Il convient également d'équiper les opérateurs travaillant à proximité de protections auditives adaptées.

Recépage avec des agents expansifs

Dans le cas de pieux ronds ne comportant pas de cerces de frettage, on peut réaliser un recépage à l’aide d’agents expansifs, parfois appelé « prérecépage ».

Le principe consiste à :

  • protéger les fers en attente et les tubes sondes avec des
    gaines de mousse pour empêcher l'adhérence du béton ;
  • positionner les flacons fournis par le fabricant à l’altitude exacte de recépage, à l’aide de platines spéciales. La forme des flacons est spécialement étudiée avec un profil en toupie, pour privilégier la fissuration dans un plan horizontal. Les gaines des armatures contribuent à créer une amorce de fissuration dans le plan souhaité ;
  • introduire l’agent expansif à l’aide du doseur et de l’entonnoir fournis, après trois jours minimum. Cette phase est délicate : L'utilisation des EPI recommandés par le fabriquant dans sa notice d'instructions permet de se prémunir contre les effets des produits utilisés.
  • lever le bloc au moment du terrassement après apparition des fissures horizontales au niveau de recépage.. Cette phase peut
    se révéler très délicate si les gaines de mousse sont endommagées
    et que le béton s’est collé aux aciers. L’engin utilisé doit pouvoir exercer un effort de traction suffisant pour détruire ce lien.

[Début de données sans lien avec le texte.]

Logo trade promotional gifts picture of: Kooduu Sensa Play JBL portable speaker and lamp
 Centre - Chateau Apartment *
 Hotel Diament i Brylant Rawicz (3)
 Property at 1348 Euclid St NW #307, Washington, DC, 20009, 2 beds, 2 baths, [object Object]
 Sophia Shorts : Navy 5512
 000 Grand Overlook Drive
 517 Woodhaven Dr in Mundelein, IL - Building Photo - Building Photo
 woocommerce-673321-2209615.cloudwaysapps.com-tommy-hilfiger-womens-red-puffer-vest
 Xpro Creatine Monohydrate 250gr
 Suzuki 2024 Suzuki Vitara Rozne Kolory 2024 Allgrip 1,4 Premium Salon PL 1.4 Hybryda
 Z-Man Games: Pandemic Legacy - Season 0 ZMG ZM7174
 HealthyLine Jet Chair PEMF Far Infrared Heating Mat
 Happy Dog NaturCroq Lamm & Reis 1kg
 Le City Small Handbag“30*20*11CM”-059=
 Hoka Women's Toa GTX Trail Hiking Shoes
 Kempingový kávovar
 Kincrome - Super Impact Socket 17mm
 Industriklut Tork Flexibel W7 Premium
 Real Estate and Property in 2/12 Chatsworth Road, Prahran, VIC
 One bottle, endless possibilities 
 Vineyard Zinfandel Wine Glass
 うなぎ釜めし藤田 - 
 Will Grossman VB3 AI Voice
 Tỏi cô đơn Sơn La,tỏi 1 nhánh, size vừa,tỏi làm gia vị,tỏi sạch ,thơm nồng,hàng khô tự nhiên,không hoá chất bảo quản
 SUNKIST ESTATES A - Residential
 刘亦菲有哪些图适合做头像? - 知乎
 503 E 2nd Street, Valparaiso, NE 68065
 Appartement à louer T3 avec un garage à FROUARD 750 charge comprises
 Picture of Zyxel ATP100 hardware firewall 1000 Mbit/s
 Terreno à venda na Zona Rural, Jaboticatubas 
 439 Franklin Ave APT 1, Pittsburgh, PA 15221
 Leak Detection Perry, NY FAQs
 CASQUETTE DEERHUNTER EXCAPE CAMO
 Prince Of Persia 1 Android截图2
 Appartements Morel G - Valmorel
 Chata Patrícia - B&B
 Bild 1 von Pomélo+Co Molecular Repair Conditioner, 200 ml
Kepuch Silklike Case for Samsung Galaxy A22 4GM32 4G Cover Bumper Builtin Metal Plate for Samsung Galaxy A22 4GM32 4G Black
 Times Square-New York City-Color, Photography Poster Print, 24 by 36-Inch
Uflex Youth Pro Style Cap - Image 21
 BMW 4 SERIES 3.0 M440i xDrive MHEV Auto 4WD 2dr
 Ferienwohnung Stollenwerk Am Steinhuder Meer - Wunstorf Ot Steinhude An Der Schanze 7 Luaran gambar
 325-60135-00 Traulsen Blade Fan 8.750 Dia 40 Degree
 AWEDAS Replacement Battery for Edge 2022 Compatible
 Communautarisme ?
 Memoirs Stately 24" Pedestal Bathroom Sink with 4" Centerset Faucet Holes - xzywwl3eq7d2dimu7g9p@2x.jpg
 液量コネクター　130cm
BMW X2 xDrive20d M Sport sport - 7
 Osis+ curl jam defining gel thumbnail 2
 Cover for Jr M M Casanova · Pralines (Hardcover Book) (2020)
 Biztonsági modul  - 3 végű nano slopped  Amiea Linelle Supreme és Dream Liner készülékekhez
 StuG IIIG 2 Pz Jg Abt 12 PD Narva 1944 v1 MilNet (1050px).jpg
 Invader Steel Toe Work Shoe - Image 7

Le recépage à l’aide d’explosif

Dans le cas de puits nombreux et de gros diamètres, on peut réaliser des recépage avec de petites charges d’explosifs et une mise à feu avec de faibles retards. Cette technique spécifique est très rarement utilisée. Elle requiert l’établissement d’un plan de tir par des spécialistes ainsi qu’une organisation particulière. Cette méthode est à réserver à des cas très spécifiques, avec l’accord des bureaux de contrôle.

Le recépage au marteau-piqueur

En dernier recours, on optera pour un recépage manuel au marteau piqueur. Cette option expose les opérateurs à des TMS. Elle n'est utilisée que sur des hauteurs limitées, pour finir un recépage mécanique ou lorsque les méthodes précédentes ne sont pas applicables.